Set down every entry again word for word, please, but skip the pictures.

Crawled caption data
§
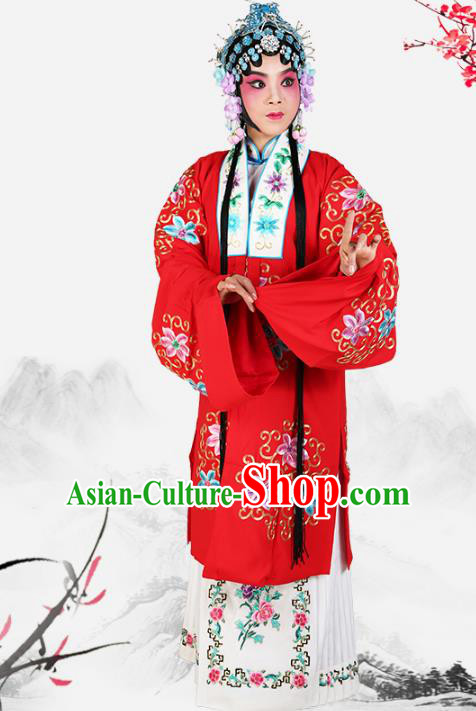 Professional Chinese Traditional Beijing Opera Diva Embroidered Red Costumes for Adults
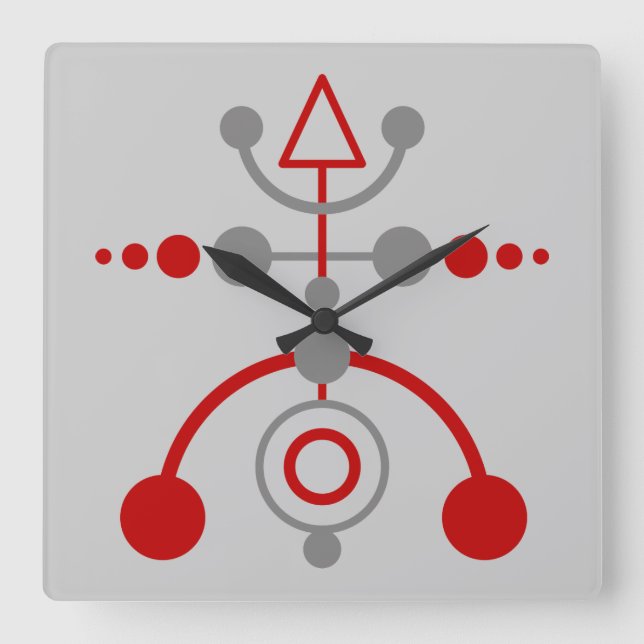 Kornkreis pictogram / crop circle pictogram V Square Wall Clock (Front)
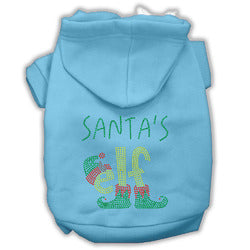 Santa's Elf Rhinestone Dog Hoodie Baby Blue XS (8)
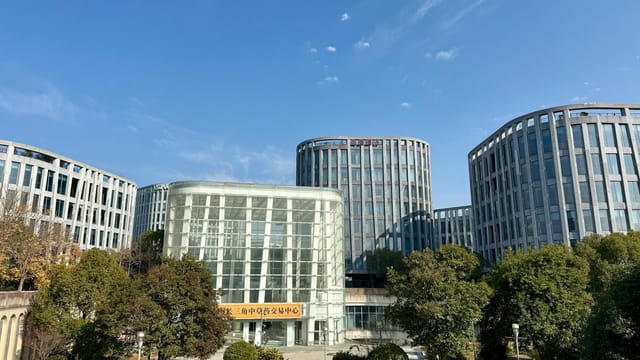 Contemporary office buildings framed by lush greenery in sunny Zhangjiang, Shanghai.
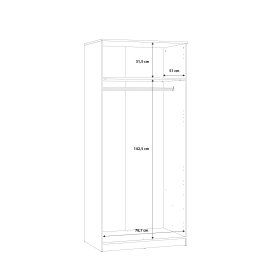 Šatní skříň Nipo 82x185x53 cm, dub artisan, rozměry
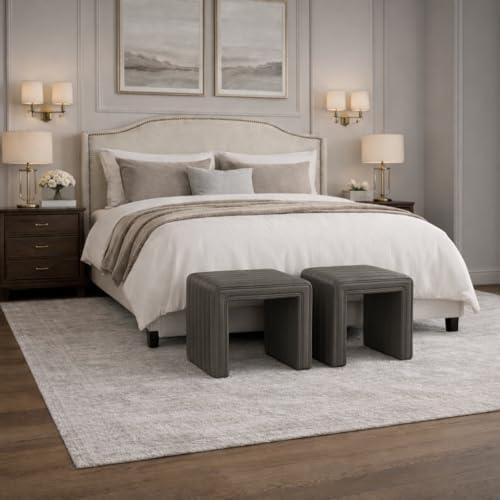 HomePop 19" Modern Channel Tufted Ottoman - Pewter Gray Faux Leather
§
## [Answer]
 Professional Chinese Traditional Beijing Opera Diva Embroidered Red Costumes for Adults
 Kornkreis pictogram / crop circle pictogram V Square Wall Clock (Front)
 Santa's Elf Rhinestone Dog Hoodie Baby Blue XS (8)
 Contemporary office buildings framed by lush greenery in sunny Zhangjiang, Shanghai.
 Šatní skříň Nipo 82x185x53 cm, dub artisan, rozměry
 HomePop 19" Modern Channel Tufted Ottoman - Pewter Gray Faux Leather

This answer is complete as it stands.